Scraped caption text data
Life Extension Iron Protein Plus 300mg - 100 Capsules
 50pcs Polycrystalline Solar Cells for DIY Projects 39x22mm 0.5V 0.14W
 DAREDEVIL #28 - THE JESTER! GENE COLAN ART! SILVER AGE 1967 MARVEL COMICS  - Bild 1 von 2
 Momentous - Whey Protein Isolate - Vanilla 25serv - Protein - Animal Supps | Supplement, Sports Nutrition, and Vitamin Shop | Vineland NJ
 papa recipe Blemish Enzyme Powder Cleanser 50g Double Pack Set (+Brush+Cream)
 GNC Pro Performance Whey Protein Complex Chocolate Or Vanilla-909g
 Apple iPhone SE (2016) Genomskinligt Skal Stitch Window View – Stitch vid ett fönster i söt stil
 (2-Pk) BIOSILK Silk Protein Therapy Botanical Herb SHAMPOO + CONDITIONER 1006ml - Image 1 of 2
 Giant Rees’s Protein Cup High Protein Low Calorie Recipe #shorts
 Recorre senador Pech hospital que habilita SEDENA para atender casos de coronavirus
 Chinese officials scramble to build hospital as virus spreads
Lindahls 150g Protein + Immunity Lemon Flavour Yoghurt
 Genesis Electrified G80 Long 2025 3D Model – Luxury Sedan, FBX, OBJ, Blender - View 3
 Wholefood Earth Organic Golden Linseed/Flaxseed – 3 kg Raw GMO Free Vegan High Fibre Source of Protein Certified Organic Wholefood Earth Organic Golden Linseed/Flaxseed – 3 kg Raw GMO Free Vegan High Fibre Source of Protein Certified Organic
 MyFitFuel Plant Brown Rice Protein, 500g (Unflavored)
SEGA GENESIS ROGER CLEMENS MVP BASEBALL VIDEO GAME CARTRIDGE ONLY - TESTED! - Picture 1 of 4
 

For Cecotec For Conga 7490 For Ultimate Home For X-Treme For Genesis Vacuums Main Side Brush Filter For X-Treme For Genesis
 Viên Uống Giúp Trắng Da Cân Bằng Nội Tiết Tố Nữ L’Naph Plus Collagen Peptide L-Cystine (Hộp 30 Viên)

:: Task item ::
Working from the data above, extract solely the lines from the one containing "Lindahls 150g Protein" through the one containing "For Cecotec For", exactly as they appear, both included.

:: Problem solution ::
Lindahls 150g Protein + Immunity Lemon Flavour Yoghurt
 Genesis Electrified G80 Long 2025 3D Model – Luxury Sedan, FBX, OBJ, Blender - View 3
 Wholefood Earth Organic Golden Linseed/Flaxseed – 3 kg Raw GMO Free Vegan High Fibre Source of Protein Certified Organic Wholefood Earth Organic Golden Linseed/Flaxseed – 3 kg Raw GMO Free Vegan High Fibre Source of Protein Certified Organic
 MyFitFuel Plant Brown Rice Protein, 500g (Unflavored)
SEGA GENESIS ROGER CLEMENS MVP BASEBALL VIDEO GAME CARTRIDGE ONLY - TESTED! - Picture 1 of 4
 

For Cecotec For Conga 7490 For Ultimate Home For X-Treme For Genesis Vacuums Main Side Brush Filter For X-Treme For Genesis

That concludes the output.